64 bytes from 10.0.0.11: icmp_seq=1 ttl=64 time=1.79 ms
64 bytes from 10.0.0.11: icmp_seq=2 ttl=64 time=0.719 ms
--- 10.0.0.11 ping statistics ---
2 packets transmitted, 2 received, 0% packet loss, time 1002ms
rtt min/avg/max/mdev = 0.719/1.252/1.785/0.533 ms
Or connect to it using ssh
:
[root@localhost ~]# ssh 10.0.0.11 uptime
root@10.0.0.11's password:
14:21:33 up 1:18, 1 user, load average: 0.00, 0.00, 0.00
Using tcpdump
, we can verify that these connections are going over
the overlay network.
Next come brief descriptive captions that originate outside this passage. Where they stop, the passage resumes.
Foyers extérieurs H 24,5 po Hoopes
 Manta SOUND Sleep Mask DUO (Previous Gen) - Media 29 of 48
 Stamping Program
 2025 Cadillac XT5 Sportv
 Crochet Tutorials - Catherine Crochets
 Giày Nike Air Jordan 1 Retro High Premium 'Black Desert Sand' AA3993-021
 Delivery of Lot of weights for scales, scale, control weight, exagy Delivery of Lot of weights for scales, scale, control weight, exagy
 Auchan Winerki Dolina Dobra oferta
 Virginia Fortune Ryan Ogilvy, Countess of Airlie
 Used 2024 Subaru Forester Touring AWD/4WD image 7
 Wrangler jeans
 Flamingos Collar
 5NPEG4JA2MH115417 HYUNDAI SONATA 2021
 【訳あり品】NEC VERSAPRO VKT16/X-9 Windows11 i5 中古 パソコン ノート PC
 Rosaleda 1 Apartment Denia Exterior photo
Let’s watch for VXLAN traffic on node1
by
running the following command (VXLAN is a UDP protocol running on port
4789)
tcpdump -i eth0 -n port 4789
When we run ping -c2 10.0.0.11
on vm0.0
, we see the following:
14:23:50.312574 IP 192.168.122.107.52595 > 192.168.122.174.vxlan: VXLAN, flags [I] (0x08), vni 0
IP 10.0.0.10 > 10.0.0.11: ICMP echo request, id 4915, seq 1, length 64
14:23:50.314896 IP 192.168.122.174.59510 > 192.168.122.107.vxlan: VXLAN, flags [I] (0x08), vni 0
IP 10.0.0.11 > 10.0.0.10: ICMP echo reply, id 4915, seq 1, length 64
14:23:51.314080 IP 192.168.122.107.52595 > 192.168.122.174.vxlan: VXLAN, flags [I] (0x08), vni 0
IP 10.0.0.10 > 10.0.0.11: ICMP echo request, id 4915, seq 2, length 64
14:23:51.314259 IP 192.168.122.174.59510 > 192.168.122.107.vxlan: VXLAN, flags [I] (0x08), vni 0
IP 10.0.0.11 > 10.0.0.10: ICMP echo reply, id 4915, seq 2, length 64
In the output above, we see that each packet in the transaction
results in two lines of output from tcpdump
:
14:23:50.312574 IP 192.168.122.107.52595 > 192.168.122.174.vxlan: VXLAN, flags [I] (0x08), vni 0
IP 10.0.0.10 > 10.0.0.11: ICMP echo request, id 4915, seq 1, length 64
The first line shows the contents of the VXLAN packet, while the second lines shows the data that was encapsulated in the VXLAN packet.
That’s all folks⌗
We’ve achieved our goal: we have two virtual machines on two different hosts communicating over a VXLAN overlay network. If you were to do this “for real”, you would probably want to make a number of changes: for example, the network configuration we’ve applied in many cases will not persist across a reboot; handling persistent network configuration is still very distribution dependent, so I’ve left it out of this post.